The teachers’ beliefs and attitudes towards mathematics are some of the major points that researchers must target in determining their role in raising teacher effectiveness levels in the handling of mathematics as a subject. Wilkins (2008) notes that the knowledge of the teacher and the attitudes, expectations, and beliefs that s/he may hold, play a significant function in influencing the teacher’s instructional practice. Studies indicate that teachers with low opinions or negative attitudes about mathematics end up using traditional instructional methods, which are essentially teacher-directed (Brown, 2012; Swars, 2005; Ediger, 2012).

Conclusion

The most powerful indicator that can be used in the evaluation of teacher effectiveness is self-efficacy. Self-efficacy for mathematics teachers is critical to the overall success and well-being of the global economy due to its contribution to nation-building and global safety. Therefore, it is critical for math teachers to be prepared to handle classroom dynamics that will eventually improve the students’ achievement.
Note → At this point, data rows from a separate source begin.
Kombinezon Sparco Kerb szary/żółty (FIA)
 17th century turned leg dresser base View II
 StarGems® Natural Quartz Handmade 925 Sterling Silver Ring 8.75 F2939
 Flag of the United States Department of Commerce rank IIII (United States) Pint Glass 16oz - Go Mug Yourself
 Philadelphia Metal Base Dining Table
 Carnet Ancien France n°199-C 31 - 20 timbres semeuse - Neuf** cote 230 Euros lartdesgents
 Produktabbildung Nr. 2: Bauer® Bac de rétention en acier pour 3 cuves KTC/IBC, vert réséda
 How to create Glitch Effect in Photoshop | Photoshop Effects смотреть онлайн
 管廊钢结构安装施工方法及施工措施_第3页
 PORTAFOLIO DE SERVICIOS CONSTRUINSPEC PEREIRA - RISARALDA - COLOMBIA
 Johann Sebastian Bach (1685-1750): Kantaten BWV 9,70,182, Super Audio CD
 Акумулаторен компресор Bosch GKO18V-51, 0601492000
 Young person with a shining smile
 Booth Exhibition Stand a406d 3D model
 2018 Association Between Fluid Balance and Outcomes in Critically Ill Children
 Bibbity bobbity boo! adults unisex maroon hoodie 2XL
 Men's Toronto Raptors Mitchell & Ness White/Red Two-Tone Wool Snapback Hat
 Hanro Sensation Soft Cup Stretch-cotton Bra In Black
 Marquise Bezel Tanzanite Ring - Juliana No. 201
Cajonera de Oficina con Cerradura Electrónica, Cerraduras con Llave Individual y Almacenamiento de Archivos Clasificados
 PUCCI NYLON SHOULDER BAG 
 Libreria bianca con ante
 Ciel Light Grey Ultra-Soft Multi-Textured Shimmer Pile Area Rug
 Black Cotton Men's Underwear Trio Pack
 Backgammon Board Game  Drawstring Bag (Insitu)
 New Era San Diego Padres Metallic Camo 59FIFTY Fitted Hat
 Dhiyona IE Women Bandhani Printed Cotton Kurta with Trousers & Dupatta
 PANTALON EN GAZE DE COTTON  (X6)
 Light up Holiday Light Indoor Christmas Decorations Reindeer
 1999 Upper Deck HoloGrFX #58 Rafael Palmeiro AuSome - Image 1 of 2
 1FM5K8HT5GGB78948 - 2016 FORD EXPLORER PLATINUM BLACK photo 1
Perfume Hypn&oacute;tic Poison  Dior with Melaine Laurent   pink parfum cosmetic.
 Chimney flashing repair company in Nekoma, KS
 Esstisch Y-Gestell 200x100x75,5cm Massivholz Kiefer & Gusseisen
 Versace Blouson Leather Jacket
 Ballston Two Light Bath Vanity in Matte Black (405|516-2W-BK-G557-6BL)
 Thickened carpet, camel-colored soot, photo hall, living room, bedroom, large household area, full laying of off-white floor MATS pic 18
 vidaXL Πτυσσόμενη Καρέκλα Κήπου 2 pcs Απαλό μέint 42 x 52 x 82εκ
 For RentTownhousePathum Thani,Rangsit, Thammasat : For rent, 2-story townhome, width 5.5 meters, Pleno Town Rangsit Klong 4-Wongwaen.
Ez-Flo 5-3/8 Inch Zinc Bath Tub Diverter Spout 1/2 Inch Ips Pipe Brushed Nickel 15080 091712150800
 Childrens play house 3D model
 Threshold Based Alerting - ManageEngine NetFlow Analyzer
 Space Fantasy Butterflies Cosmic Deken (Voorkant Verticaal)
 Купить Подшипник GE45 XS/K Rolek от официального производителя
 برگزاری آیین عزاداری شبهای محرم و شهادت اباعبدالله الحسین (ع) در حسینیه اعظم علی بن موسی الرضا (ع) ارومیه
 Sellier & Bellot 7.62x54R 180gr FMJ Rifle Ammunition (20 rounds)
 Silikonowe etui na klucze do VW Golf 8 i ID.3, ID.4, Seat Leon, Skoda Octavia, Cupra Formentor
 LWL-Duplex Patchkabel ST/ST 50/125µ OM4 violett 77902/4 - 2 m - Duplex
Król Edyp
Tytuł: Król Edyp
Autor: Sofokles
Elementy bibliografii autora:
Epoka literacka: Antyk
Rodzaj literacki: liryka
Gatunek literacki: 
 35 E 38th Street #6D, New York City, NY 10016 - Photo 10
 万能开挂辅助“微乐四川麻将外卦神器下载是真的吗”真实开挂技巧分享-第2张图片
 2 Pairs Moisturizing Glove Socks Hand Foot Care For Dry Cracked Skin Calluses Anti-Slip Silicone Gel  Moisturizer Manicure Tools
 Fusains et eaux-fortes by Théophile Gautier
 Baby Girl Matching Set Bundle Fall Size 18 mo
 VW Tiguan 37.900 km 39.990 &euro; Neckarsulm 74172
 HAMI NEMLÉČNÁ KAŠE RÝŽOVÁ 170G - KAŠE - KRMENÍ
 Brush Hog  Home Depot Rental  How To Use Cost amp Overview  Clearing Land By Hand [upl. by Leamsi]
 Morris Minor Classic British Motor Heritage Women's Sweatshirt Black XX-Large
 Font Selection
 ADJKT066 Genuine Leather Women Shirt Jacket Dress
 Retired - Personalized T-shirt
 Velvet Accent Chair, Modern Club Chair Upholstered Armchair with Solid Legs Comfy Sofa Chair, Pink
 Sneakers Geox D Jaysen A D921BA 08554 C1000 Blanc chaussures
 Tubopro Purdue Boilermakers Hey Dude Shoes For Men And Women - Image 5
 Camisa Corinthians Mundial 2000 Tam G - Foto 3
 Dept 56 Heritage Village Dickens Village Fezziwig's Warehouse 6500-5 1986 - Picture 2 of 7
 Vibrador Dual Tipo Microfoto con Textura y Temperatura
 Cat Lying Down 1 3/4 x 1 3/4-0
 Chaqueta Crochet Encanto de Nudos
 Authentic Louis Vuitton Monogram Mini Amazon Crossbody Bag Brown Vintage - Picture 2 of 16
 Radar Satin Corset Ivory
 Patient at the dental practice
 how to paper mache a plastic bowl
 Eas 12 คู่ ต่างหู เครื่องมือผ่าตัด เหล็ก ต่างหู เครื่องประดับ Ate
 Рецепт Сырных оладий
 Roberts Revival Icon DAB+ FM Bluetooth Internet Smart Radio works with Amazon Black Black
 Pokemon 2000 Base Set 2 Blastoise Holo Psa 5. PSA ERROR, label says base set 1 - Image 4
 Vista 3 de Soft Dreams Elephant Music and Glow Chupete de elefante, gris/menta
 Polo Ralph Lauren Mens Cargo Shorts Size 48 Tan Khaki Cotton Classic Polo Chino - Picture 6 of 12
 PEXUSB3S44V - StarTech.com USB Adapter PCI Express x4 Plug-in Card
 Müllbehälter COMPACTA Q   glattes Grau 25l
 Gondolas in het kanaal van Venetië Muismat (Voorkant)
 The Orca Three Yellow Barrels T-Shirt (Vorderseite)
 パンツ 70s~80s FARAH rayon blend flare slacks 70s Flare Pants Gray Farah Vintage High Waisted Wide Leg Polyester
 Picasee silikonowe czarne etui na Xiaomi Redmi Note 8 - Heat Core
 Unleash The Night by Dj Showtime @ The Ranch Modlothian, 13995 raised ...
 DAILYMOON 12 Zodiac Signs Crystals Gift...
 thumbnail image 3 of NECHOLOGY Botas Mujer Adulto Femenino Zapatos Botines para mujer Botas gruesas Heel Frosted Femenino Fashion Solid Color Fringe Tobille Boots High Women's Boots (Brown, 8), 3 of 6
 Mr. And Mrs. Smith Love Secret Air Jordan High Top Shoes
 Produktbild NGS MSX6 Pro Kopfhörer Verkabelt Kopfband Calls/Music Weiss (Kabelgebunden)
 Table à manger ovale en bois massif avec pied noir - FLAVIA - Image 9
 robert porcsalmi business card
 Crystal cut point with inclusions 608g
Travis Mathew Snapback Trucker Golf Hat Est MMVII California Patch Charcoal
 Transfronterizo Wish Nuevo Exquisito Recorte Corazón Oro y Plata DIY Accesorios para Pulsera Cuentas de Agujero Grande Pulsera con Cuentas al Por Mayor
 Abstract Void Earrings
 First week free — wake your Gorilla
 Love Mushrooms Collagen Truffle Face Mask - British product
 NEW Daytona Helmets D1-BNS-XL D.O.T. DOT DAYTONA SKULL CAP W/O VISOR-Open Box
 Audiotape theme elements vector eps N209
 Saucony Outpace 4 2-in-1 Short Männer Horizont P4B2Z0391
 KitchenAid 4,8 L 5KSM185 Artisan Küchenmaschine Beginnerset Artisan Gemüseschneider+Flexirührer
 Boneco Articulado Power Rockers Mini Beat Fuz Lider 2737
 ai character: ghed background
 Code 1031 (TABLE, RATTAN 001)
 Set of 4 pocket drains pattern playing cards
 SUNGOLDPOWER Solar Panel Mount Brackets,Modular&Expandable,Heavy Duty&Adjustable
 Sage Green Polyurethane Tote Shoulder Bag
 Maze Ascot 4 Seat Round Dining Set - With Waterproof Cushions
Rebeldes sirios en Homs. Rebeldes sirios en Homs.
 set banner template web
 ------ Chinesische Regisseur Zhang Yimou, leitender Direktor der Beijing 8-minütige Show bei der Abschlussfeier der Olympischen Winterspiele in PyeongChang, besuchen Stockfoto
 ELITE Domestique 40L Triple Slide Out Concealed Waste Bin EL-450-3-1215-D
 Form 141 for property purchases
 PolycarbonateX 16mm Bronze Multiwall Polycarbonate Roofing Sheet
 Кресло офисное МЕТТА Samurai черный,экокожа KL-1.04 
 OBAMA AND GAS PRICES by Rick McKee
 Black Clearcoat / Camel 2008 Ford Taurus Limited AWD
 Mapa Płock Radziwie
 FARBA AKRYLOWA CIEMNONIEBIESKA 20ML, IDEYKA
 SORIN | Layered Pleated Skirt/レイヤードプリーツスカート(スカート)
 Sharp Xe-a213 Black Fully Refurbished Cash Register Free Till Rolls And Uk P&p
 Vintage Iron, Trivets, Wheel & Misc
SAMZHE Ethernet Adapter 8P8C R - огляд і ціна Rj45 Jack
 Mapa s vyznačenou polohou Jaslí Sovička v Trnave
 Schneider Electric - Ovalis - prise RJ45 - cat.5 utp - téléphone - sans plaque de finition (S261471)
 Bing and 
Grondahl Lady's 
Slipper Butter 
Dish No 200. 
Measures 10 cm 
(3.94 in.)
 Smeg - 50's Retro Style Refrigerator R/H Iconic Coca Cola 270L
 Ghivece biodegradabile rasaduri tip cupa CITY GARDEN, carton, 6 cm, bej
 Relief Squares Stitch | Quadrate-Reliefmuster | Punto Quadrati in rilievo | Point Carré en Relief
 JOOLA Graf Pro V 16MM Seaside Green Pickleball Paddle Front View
At a national level, mathematics teachers are at the center of the implementation of instructional practices that are not only effective but also good professional practices impacted by the high and positive self-efficacy of mathematics teachers. As such, the importance of the self-efficacy construct cannot be overemphasized if the success of mathematics teachers and students is to be maintained. In this study, the source of motivation has been the teaching environment and the motivation derived from the actual teaching experience and the success of the students. This aspect means that the teacher evaluators and motivators should shift their focus from judging the teachers’ efficacy solely by their academic and training achievements to considering the success indicators derived from the actual teaching experience. These sentiments have been explained through theoretical studies of cognitive psychology and social cognition. In these theories, self-efficacy has been related directly to teacher efficacy as an important educational research element.